▸ **EXERCISE INSTRUCTIONS**
After locating the line that contains "White 30x36 bridal - veil, with", output that line and each one following it, exactly, to the end of the entries. No pictures.

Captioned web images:
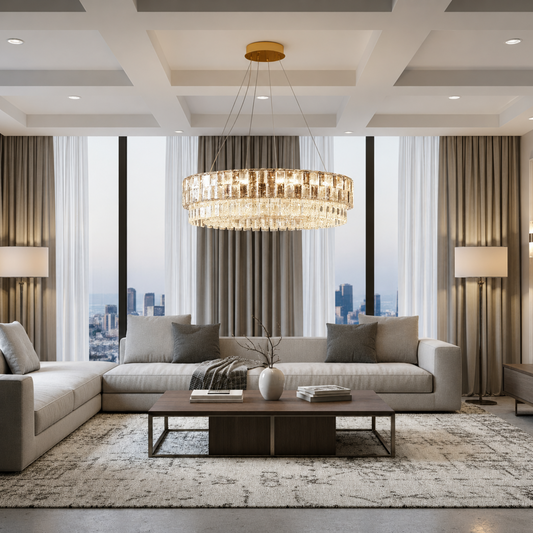 Lampadario Cristallo ELYSIAN Magno 9xE14, D60 cm, Oro, Altezza Regolabile, Metallo e Cristallo
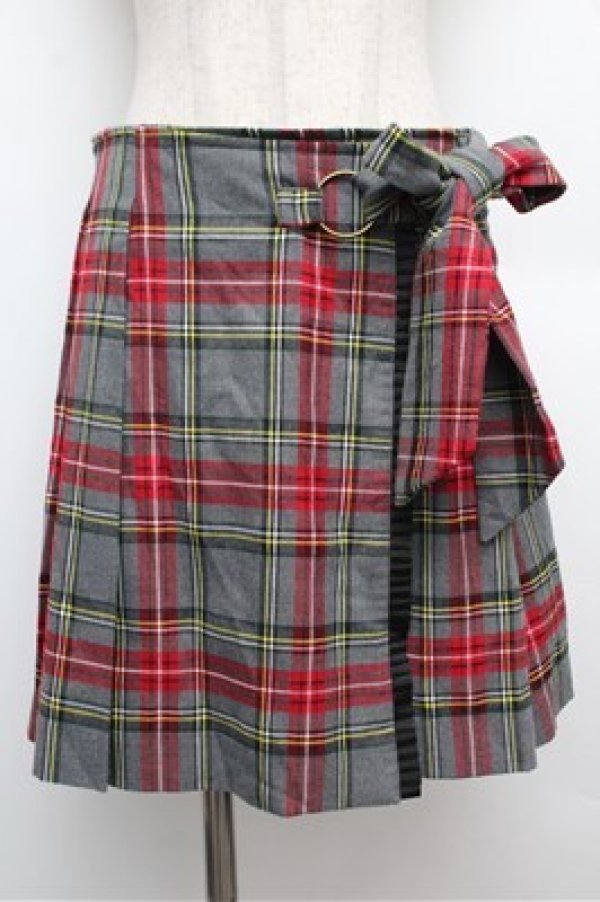 画像1: Secret Honey / チェックウールスカート  グレーｘ赤ｘ黄色 S-25-12-24-065-CA-SK-HR-ZS (1)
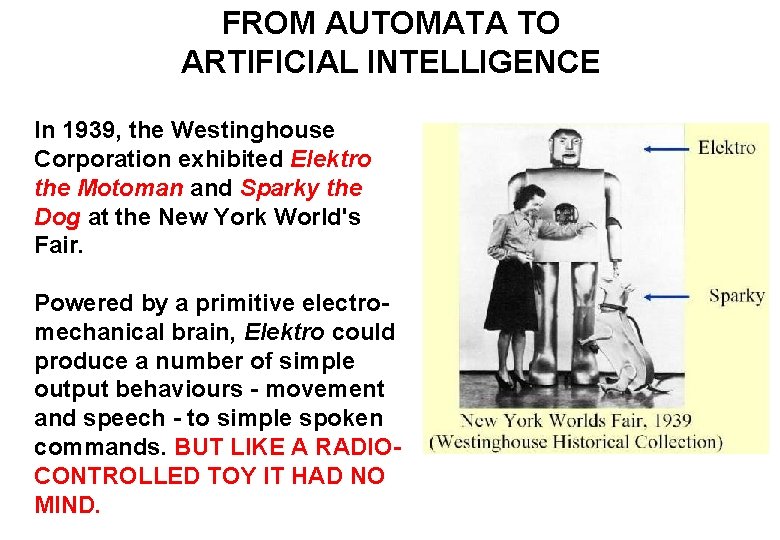 FROM AUTOMATA TO ARTIFICIAL INTELLIGENCE In 1939, the Westinghouse Corporation exhibited Elektro the Motoman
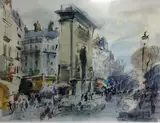 Paris, les Grands boulevards et la by Roger Bertin, Aquarelle signée en bas à droite, sold Feb 2019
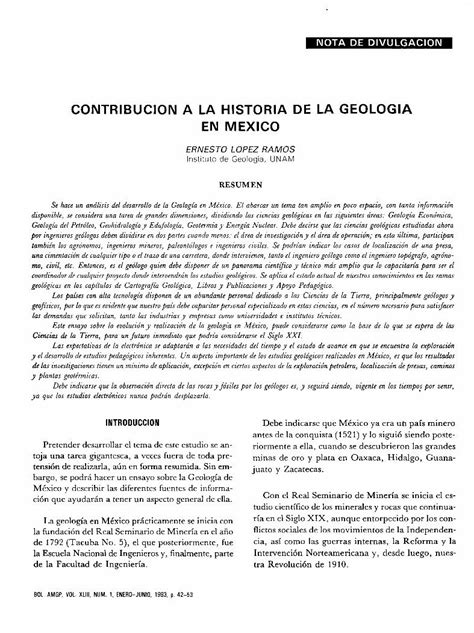 PDF CONTRIBUCIÓN A LA HISTORIA DE LA GEOLOGIA EN MEXICO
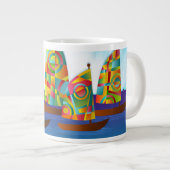 Mug à café en voilier coloré (Devant droit)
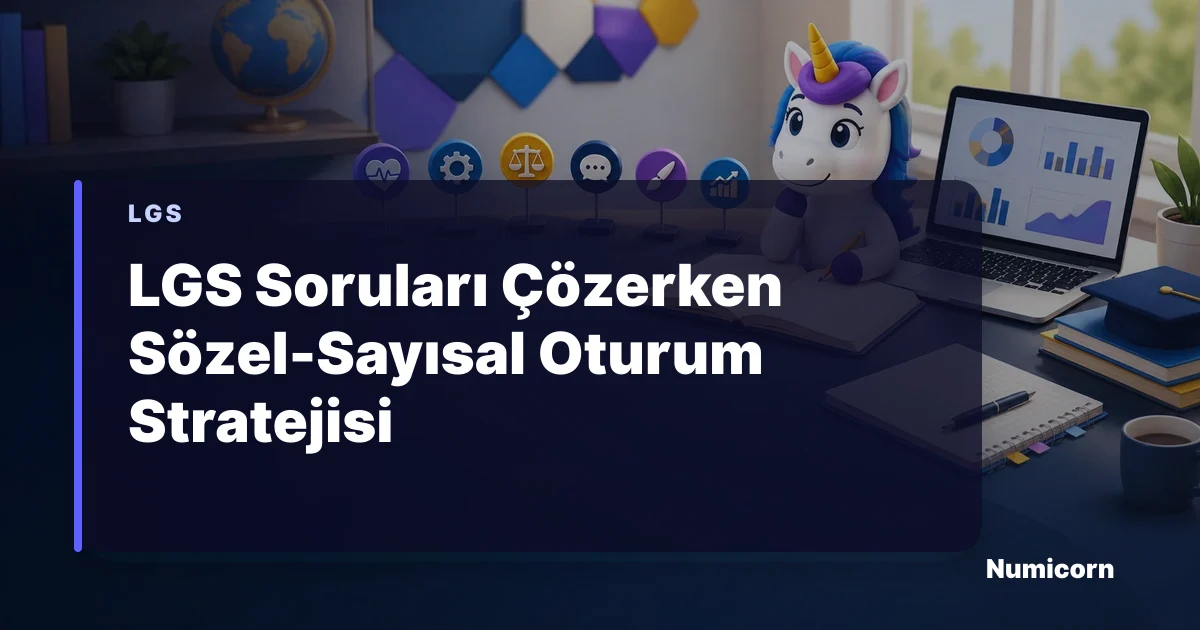 LGS sözel ve sayısal oturum stratejisini planlayan Numicorn maskotu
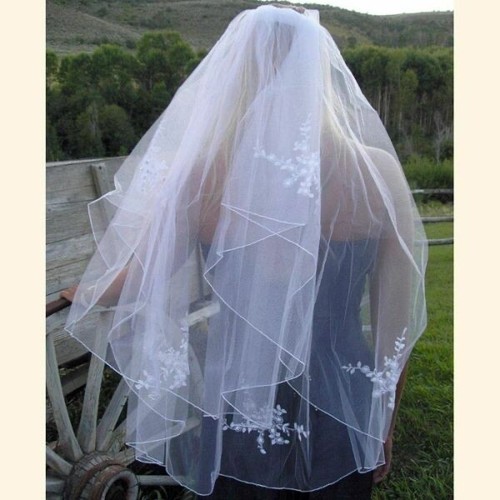 White 30x36 bridal - veil, with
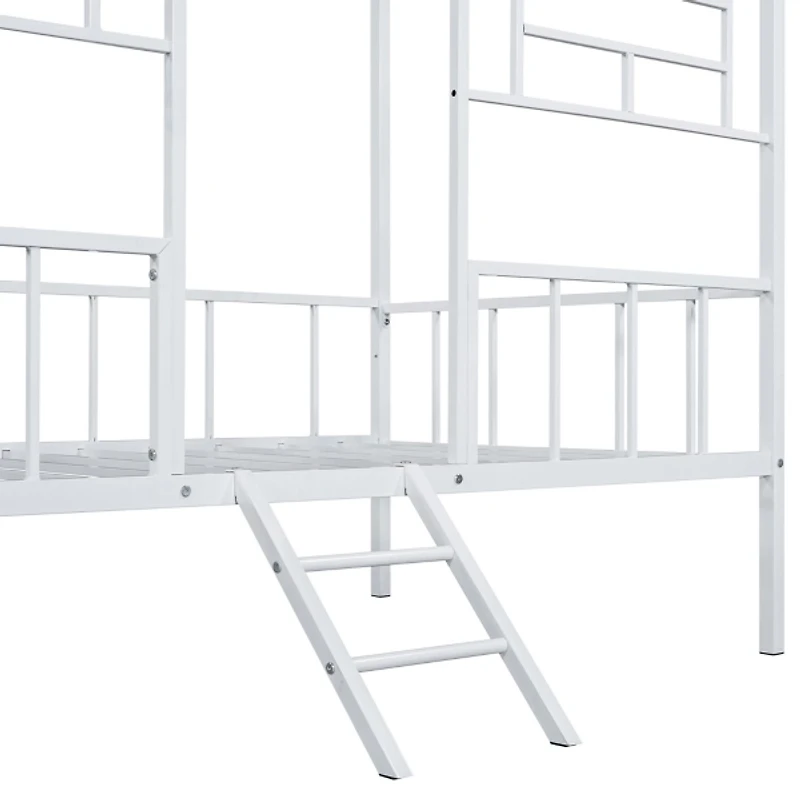 White Metal House Twin Loft Bed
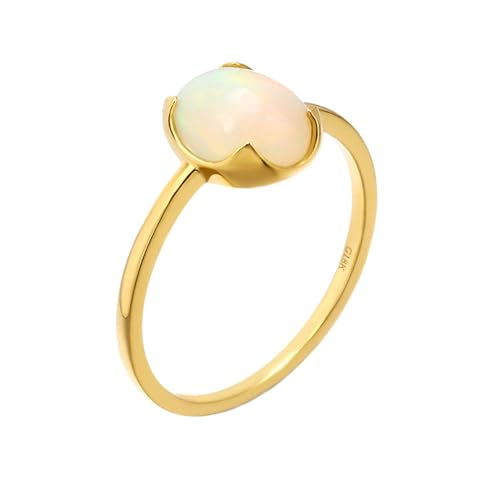 Whoiy Ehering Gelbgold 750, Damen Verlobungsringe Opal Hochzeit Ring Hochzeitsring Echtgold 18K für Frauen Gr 56 (17.8) von Whoiy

▸ **ANSWER SPACE**
 White 30x36 bridal - veil, with
 White Metal House Twin Loft Bed
 Whoiy Ehering Gelbgold 750, Damen Verlobungsringe Opal Hochzeit Ring Hochzeitsring Echtgold 18K für Frauen Gr 56 (17.8) von Whoiy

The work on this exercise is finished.